Es posible que algunos de los elegidos tengan algo de conocimiento de su puesto, pero abundan ejemplos de personas que llegaron a decidir sobre temas que desconocen, sin idea de los procedimientos, e incluso, de las leyes sobre las que tendrían que basar su decisión. Las sesiones de la Corte son de pena ajena.
En México, la ley jamás ha sido el eje sobre el que funciona la sociedad. Desde el primer virrey, optamos por administrar la aplicación de las leyes para evitar conflictos inmanejables. Refrendamos esa actitud en el siguiente siglo y desde entonces mantuvimos una relación lejana con la Corona y con sus leyes. Aunque nos encanta el formalismo, y a la menor oportunidad redactamos constituciones, o las ampliamos sin medida, lo de cumplir lo escrito no se nos da.
Como en cualquier sociedad, la ley es un instrumento de última instancia. La convivencia diaria se rige por costumbres y tradiciones, y es sólo cuando éstas se rompen que se hace necesario recurrir a las leyes y a los cuerpos que las hacen cumplir.
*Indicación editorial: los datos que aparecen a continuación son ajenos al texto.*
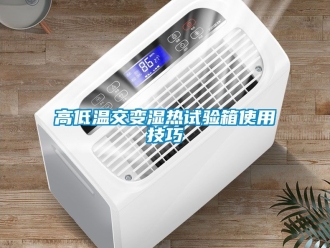 常見問(wèn)題高低溫交變濕熱試驗(yàn)箱使用技巧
En nuestro caso, esa última instancia no ha sido (salvo en el periodo mencionado al inicio) utilizada con frecuencia. Las policías no gozan del respeto de la población, ni tienen tampoco mucho interés en aplicar la ley. Antes de llegar al extremo, nos guiamos por la máxima de que vale más un mal arreglo que un buen pleito.
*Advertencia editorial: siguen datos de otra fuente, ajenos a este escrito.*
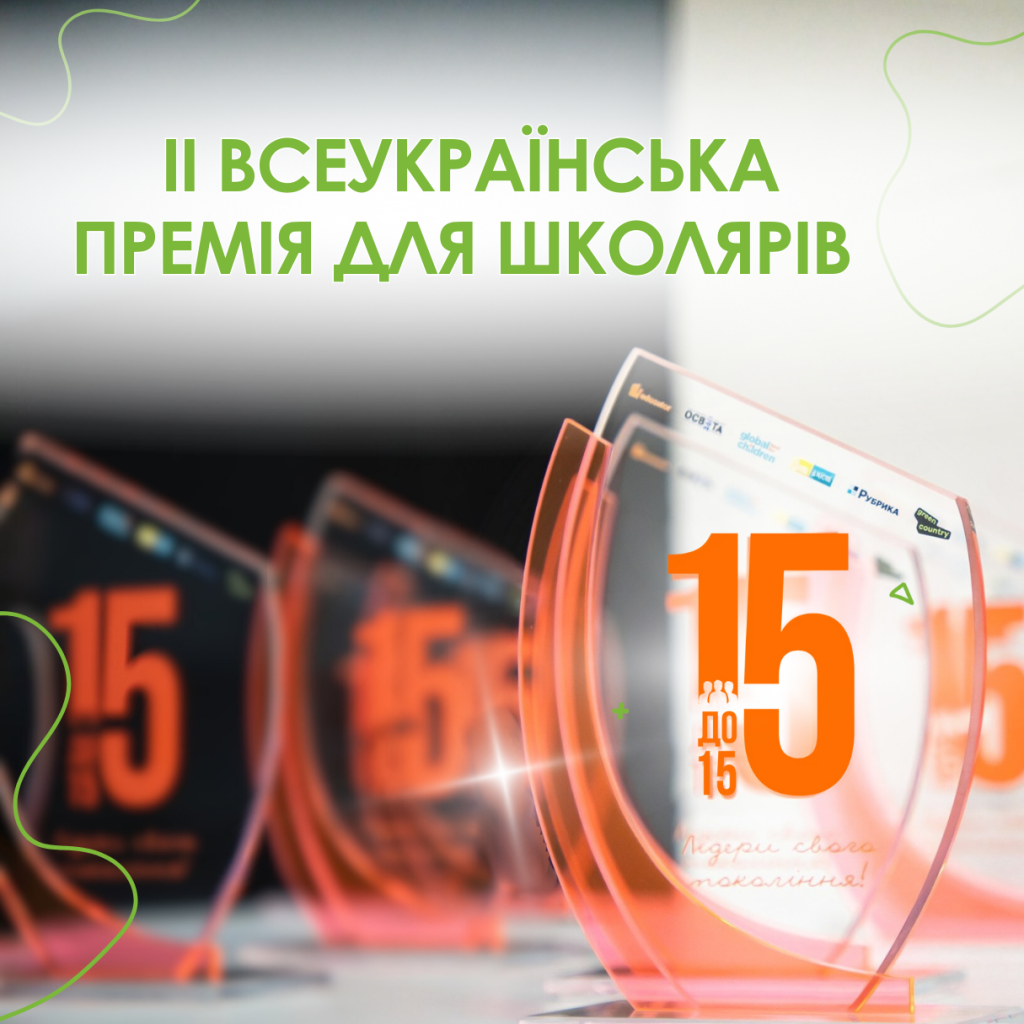 15 до 15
En consecuencia, hemos sido un país de negociaciones permanentes, que cuando no nos gustan llamamos “transas”. Si alguien quería invertir para producir autos, tenía que negociar con el gobierno, cuyos representantes negociaban coimas o de plano participaciones. Defender la propiedad de un terreno llevaba a negociar con autoridades, notarios, invasores y, frecuentemente, se facilitaba la negociación a balazos. Negociamos la paz social, la economía, el “desarrollo urbano…" Todo.
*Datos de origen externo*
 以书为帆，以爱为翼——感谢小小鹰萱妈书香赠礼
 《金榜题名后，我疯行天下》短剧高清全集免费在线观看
El resultado es el mazacote en que hemos convertido al país, con ciudades sin orden, grupos totalmente excluidos, familias en posiciones de privilegio, políticos dedicados al saqueo, y crecientemente, amplios grupos construyendo Estados paralelos (mejor conocidos como crimen organizado). El proceso civilizatorio que podría establecer un Estado de derecho en forma lo iniciamos apenas hace 30 años, y lo hemos destruido.
La destrucción es obra del grupo que está en el poder, que cree que regresando a la vieja tradición de la negociación podrá perpetuarse en el poder y ampliar el saqueo, que ya es hoy el mayor de la historia nacional. Si bien el inicio de la destrucción podía achacarse al anterior presidente, aunque con la connivencia de la actual, la eliminación del amparo es totalmente de ella.
Hay quien afirma que es una reforma dirigida a cobrarle a Salinas Pliego lo que el gobierno afirma que debe, pero el resultado es la indefensión de todos los mexicanos. Cualquier día, sin aviso, puede usted amanecer sin acceso a sus cuentas bancarias. Y no habrá manera de defenderse. Entre prisiones preventivas oficiosas, bloqueos de cuentas, fiscalías interesadas, jueces incompetentes, y la tremenda Corte, estamos indefensos y desamparados.
En ocasiones anteriores, cuando algo así ha ocurrido, el resultado ha sido un proceso de desintegración, aderezado de violencia. Uno de ellos requirió medio siglo para controlarse, el otro nada más la mitad. Si no hay reglas iguales para todos, y dependiendo del sapo es la pedrada, entonces quien tiene más saliva traga más pinole. Desamparados, apedreados y atragantados, es imposible estar unidos.